Josh went on to say that the key in cybersecurity is having the tools and monitoring in place as well as collaboration: learning from other people, sharing ideas with people in the industry, and asking the right questions.

According to Josh, Sasfin takes a top-down approach to cybersecurity, from a group level and all the way into support areas and IT. In this approach, the CEO sets the cyberstrategy tone, then the head of audit, followed by the IT team, and all of these efforts are to protect “the crown jewels”, as he puts it.

All hands on deck

Much like the swift response needed during a cyberattack, Nomahlubi wasted no time and jumped straight into another informative dialogue. A panel discussion interrogating the nucleus of where most attacks begin – the human factor, and how guests should take effective, yet decisive action when the inevitable happens.

Panellist Dr Sylvia Sathekge, CIO at SNG Grant Thornton, whose PhD thesis focused on cybersecurity and cyber-safety, said cybersecurity should be everyone’s concern.

She cited the shocking statistic: that the cost of cybercrime each year is in excess of R40 million. She also emphasised the need for greater regulation when it comes to cybersecurity, and a commitment at board level.

“The people you hire must have a safety mindset from the onset,” she said. “It also helps to bring leadership along the journey, and it can’t just be about the tech, but it also has to be about the people – it's a shared responsibility.”

Sylvia added that cyberculture is a moving target, “you don’t just start and then stop.”

Sylvia was in good company, joined by her esteemed colleagues and fellow panellists, Tshilidzi Mafenya, IT manager at Siyanda Bakgatla Platinum Mine, and Mary-Lyn Raath, head of Digital South Africa at iOCO.

Are we losing the war?

The back-to-back informative sessions were enough to build up guests' appetite. It was an appropriate time in the evening for attendees to become more acquainted with one another, over some delicious canapes and refreshments.

This was followed by the great group brainstorm that unveiled even more tips and tricks to fight back against cybercrime.

Kevin Wilson, GM for group IT services at Stefanutti Stocks, had the room thinking almost immediately when he said. “As I sit among my combatants, there’s a feeling I just can’t shake off: I feel like we’re losing the war because the costs just keep doubling every year. So my question is, are we really winning the war?”

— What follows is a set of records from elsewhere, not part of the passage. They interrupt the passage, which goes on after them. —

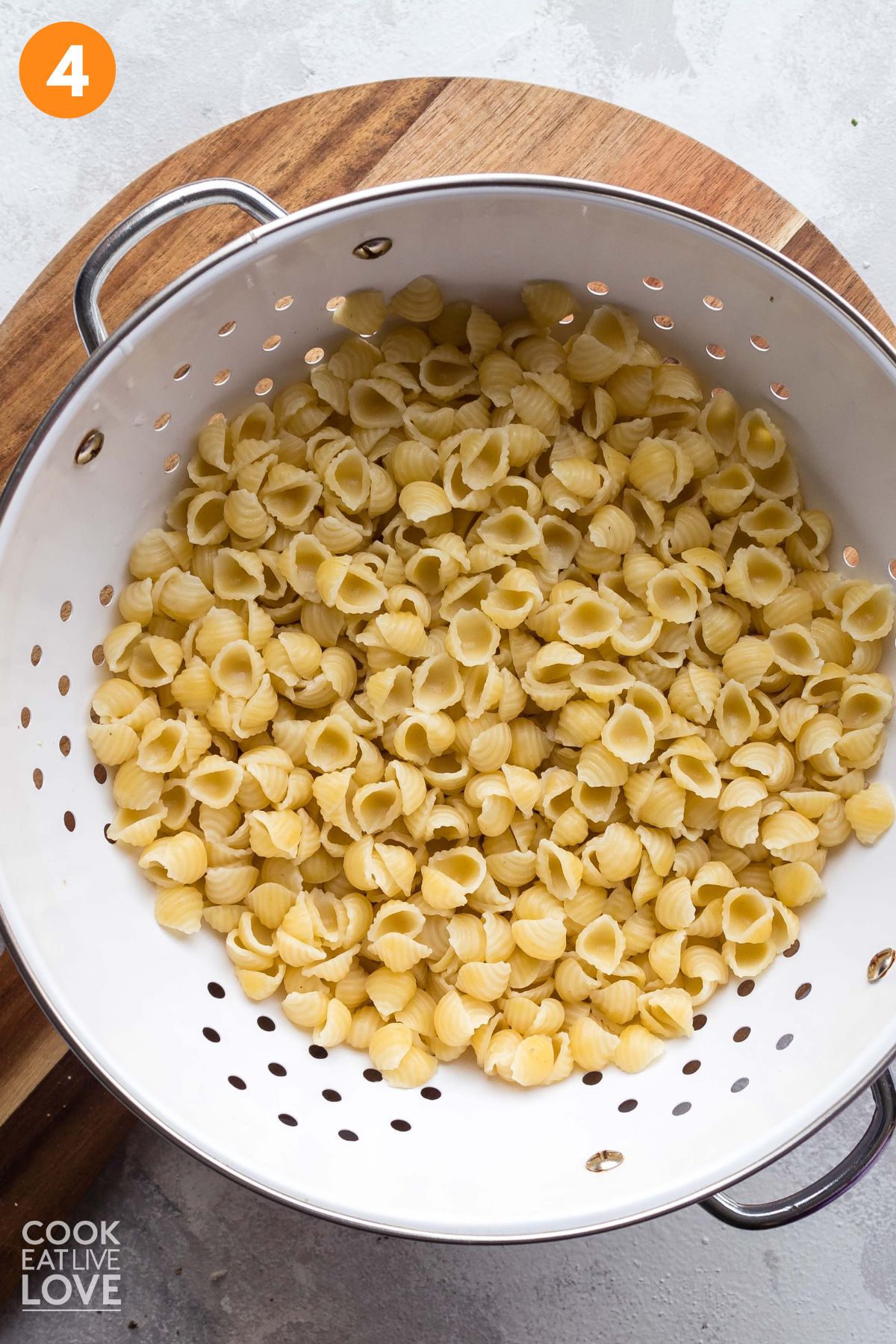 Pasta draining in a white colander.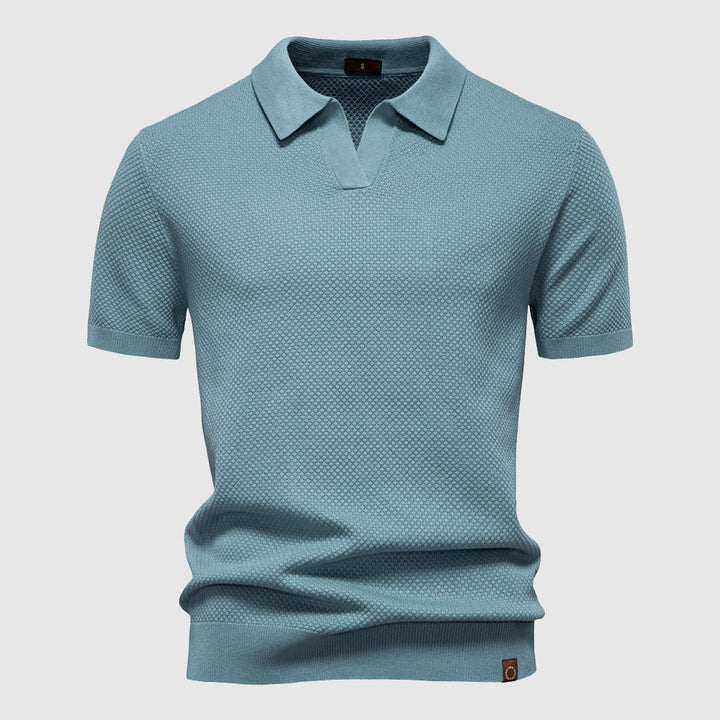 Herrpikétröja med polokrage i tidlös design, perfekt för sommar och vår.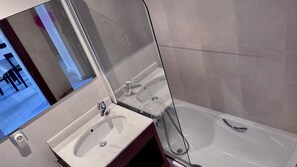 Un baño moderno con un espejo grande, un lavabo y una bañera.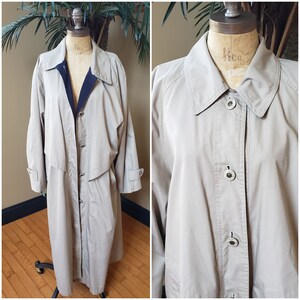 May include: A beige trench coat with a button closure and a black lining. The coat has a collar and long sleeves.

One attendee shared Kevin’s sentiments, saying that attacks have become very sophisticated over the years, “as such, you never feel like you’re winning the war, but rather sometimes feel like you’re falling a bit behind, and this tells us that as technologist, we need to think about tech coupled with the people."

Toni Serra, CIO at AECI, noted, “Almost every attack is linked to an individual, and the main objective is to protect your crown jewels."

While CIO at the Council for Medical Schemes and 2023 Young CIO of the Year Award recipient Dr Denisha Jairam-Owthar, threw two important questions in the ring: Who can interrogate the CIOs? and Why have the CEOs not updated their policies and introduced a retainer for cyber, which will allow the organisation to get the necessary skills? Denisha added that she would be open to being interrogated herself.

As the evening drew to a close, it was time for the guests to reflect on the learnings from the summit – and spend time catching up with their fellow IT leaders.